Senekal represents a life-and-death struggle between landowners and the landless. There is an ethnic genocide against whites. Farmworkers are treated as slaves. Farmers are the targets of racist blacks.

From the New York Times to the president of South Africa, everybody weighed in on a crisis in this Free State dorpie better known to outsiders for the Wimpy on the short main road passing through town.

What makes the resolution of Senekal so difficult are the simplistic blacks-vs-whites explanations for complex human confrontations in the breadbasket of the country.

To understand the dangerous dance between white and black citizens in rural South Africa, read a mesmerising new book on another Free State town called Parys.

Where in Senekal, two black men are in court for the horrific killing of a young white farm manager, in Parys a group of white men are awaiting sentencing for the grievous assault of two black men who allegedly attacked an older white man on his farm.

One important observation emerges from the compelling story of the Parys murders in Andrew Harding’s book, These Are Not Gentle People - these stories point to much more complex entanglements between whites and blacks outside of the big cities.

Old relations of racial hierarchy remain solidly in place here — farmers are mainly white; farm labourers black. Settlements around the farmlands are as racially enclaved in the 2000s as they were in the 1990s.

Here are two groups of South Africans who both feel they are unseen victims of forces beyond their control. White farmers believe the government has not recognised their plight as they sit stranded in vast, open areas vulnerable to attacks.
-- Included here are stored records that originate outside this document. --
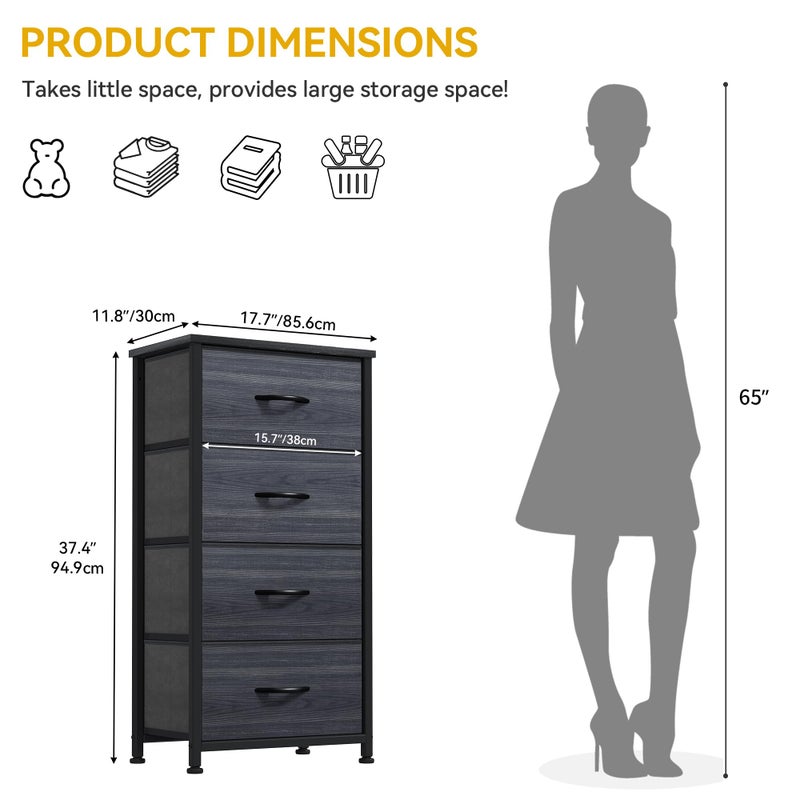 DWVO 4 Drawers Dresser, Dresser for Bedroom, Fabric Storage Tower, Chest of Drawers, Organizer Unit for Closets, Living Room, Sturdy Steel Frame, Wooden Top, Easy Pull Fabric Bins - Image 4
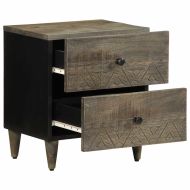 Нощно шкафче Светло сиво 40x33x46 cm Масивна дървесина Манго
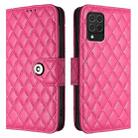 For Samsung Galaxy M62 / F62 Rhombic Texture Flip Leather Phone Case with Lanyard(Rose Red) - 2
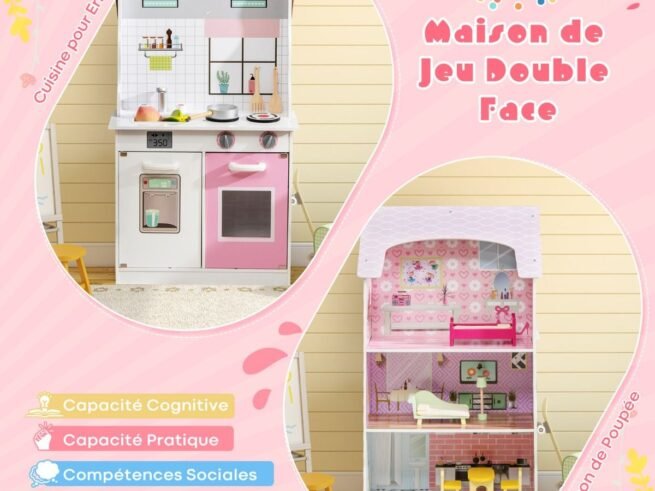 2 in 1 Dolls House with Kitchen 9 Accessories Playhouse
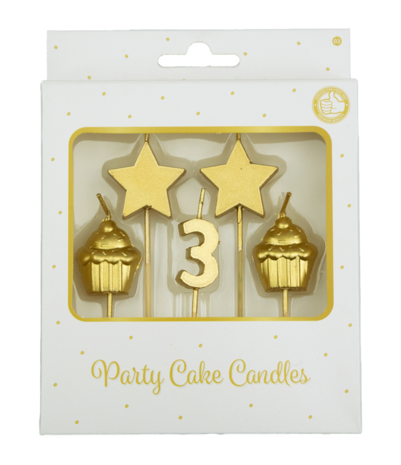 Party cake candles - 3 years
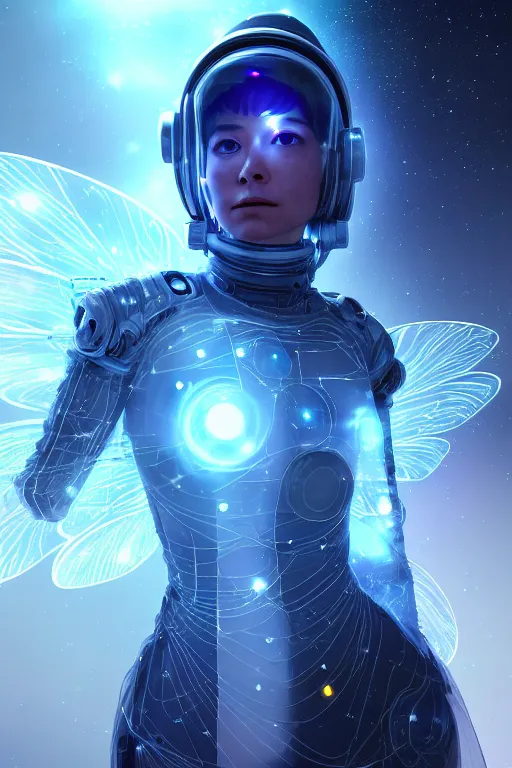 Image similar to the power of light transparent fairy looking at you with a blured snapshot of the universe in the background from'lost in space ( 2 0 1 8 ) ', frontal view, long shot, cinematic light, realistic shaded lighting cyberpunk futuristic, digital art, trending on artstation, highly detailed, fine detail, intricate, masterpiece,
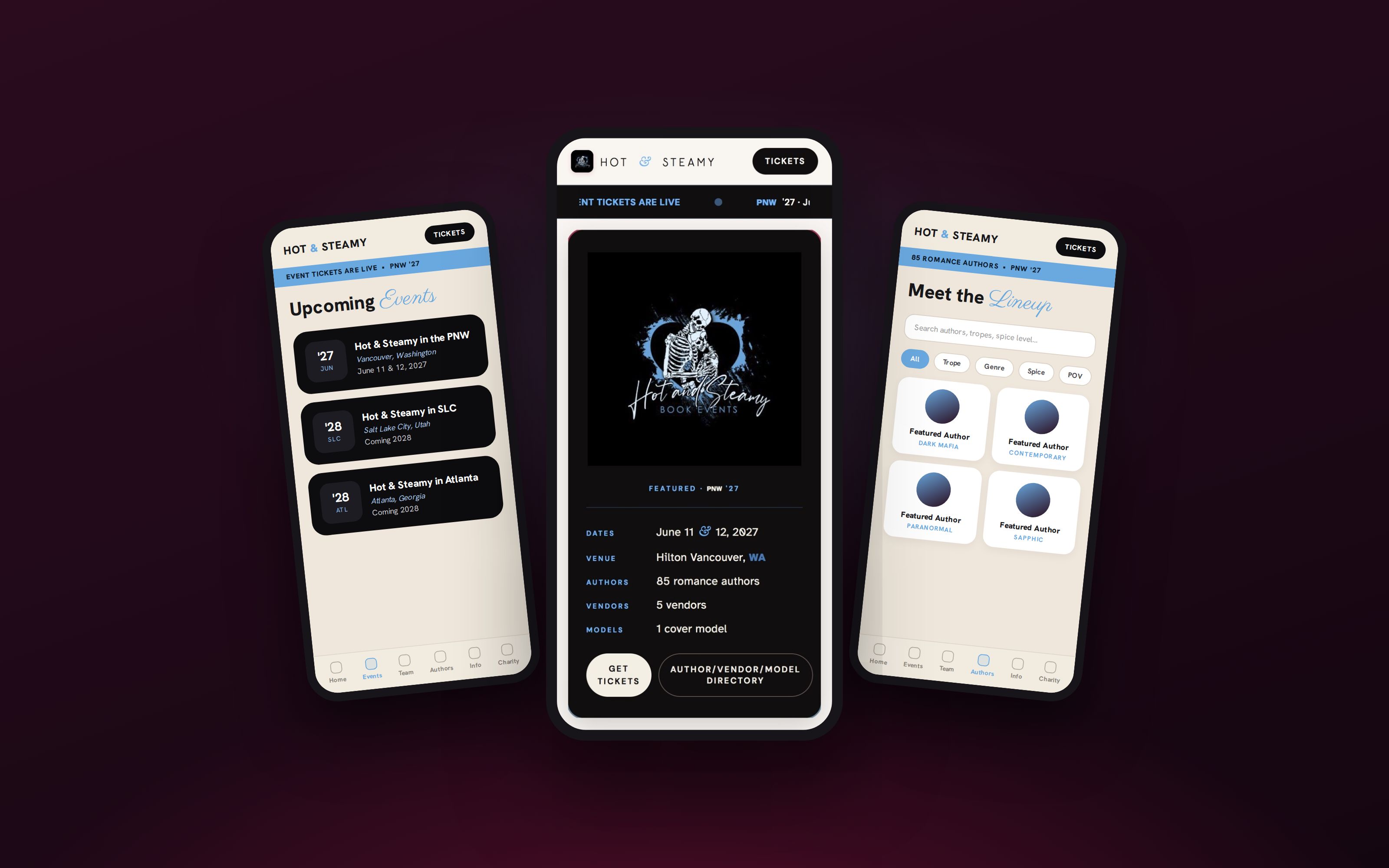 Hot and Steamy Book Events site preview, designed by Chapter 3 Creatives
If you don’t read Beeld or Volksblad, you are blissfully unaware of the anxiety-inducing headlines day after day about white people massacred on their farms and smallholdings. As a result, these white South Africans sit on their own farms angry, scared and traumatised. The government has failed them, so they make their own private security arrangements, but still the death toll mounts.

Black township dwellers also feel the government has failed them and nowhere is this more evident than in the rural Free State where whole departments of state are regularly placed under administration and the most prominent corruption scandals occur. Scandals like the asbestos audit or the R250m Vrede Dairy Project that was supposed to empower black farmers.

What is often missed in the hasty conclusions of a racial divide in the rural Free State is a shared contempt of both white and black citizens by their government. In a recent television report, a Senekal farmer said even black farmers here had given up on calling the police as their sheep routinely disappeared because of stock theft. The police, locals swear, are part of the corruption.

What happens in this complex dance of mutual victimhood, where the government is invisible in the lives of rural citizens? Blacks and whites turn to each other and then turn on each other. The black labourers in Tumahole or Matwabeng have no choice but to seek work from the white farmers; it’s either that or go hungry or leave home for work in the big cities.

In seeking work, and holding on to it, the black farmworker has no choice but to absorb abuse well out of sight.

But then there is a false accusation (stolen sausages, in the Parys case), or a promised payment not made, and the worker’s resentment grows to boiling point.

The white farmers need black workers on the vast farmlands. It is still relatively cheap and dismissible labour and, though no-one will say it, such control over blacks also satisfies an ideological need, keeping the past in place.

What does not enter the transient media narratives is that farmers are struggling. There have been successive years of droughts; bank loans are due; equipment is more costly; and there is constant government pressure about minimum wages and land redistribution.

The financial pressure coexists with constant political pressure and, in the middle of this distress, another farm attack. Something explodes and farmers converge on fleeing black suspects dancing (literally) on their heads, as in the Parys attacks.

Then something very South African happens. The courthouse in Senekal becomes a grand opportunity for minor elements to gain instant political advantage. The EFF converge in trademark red uniforms. A smattering of Afrikaans right-wing organisations also appear, some dressed in old defence force khakis. A smaller group of ANC activists make their showing in familiar yellow outfits.

It’s a colourful spectacle of mostly outsiders.

What does not work is to tell farmers that more black people are murdered than whites. Of course, that is true when more than 90% of your citizens are not white in a country with a history of violence. That kind of logic is insensitive, even offensive, when your family and friends are being murdered on farms. The president’s response is for farmers yet another example of not being heard or recognised.

What also does not help is to tell black protesters to play by the rules. For desperately poor people who see black elites enjoy lives of privilege while fleecing state resources the rules do not apply.

The answer is not to tell black and white South Africans in the rural areas to be nice to each other. Why should they be when the government screws them both?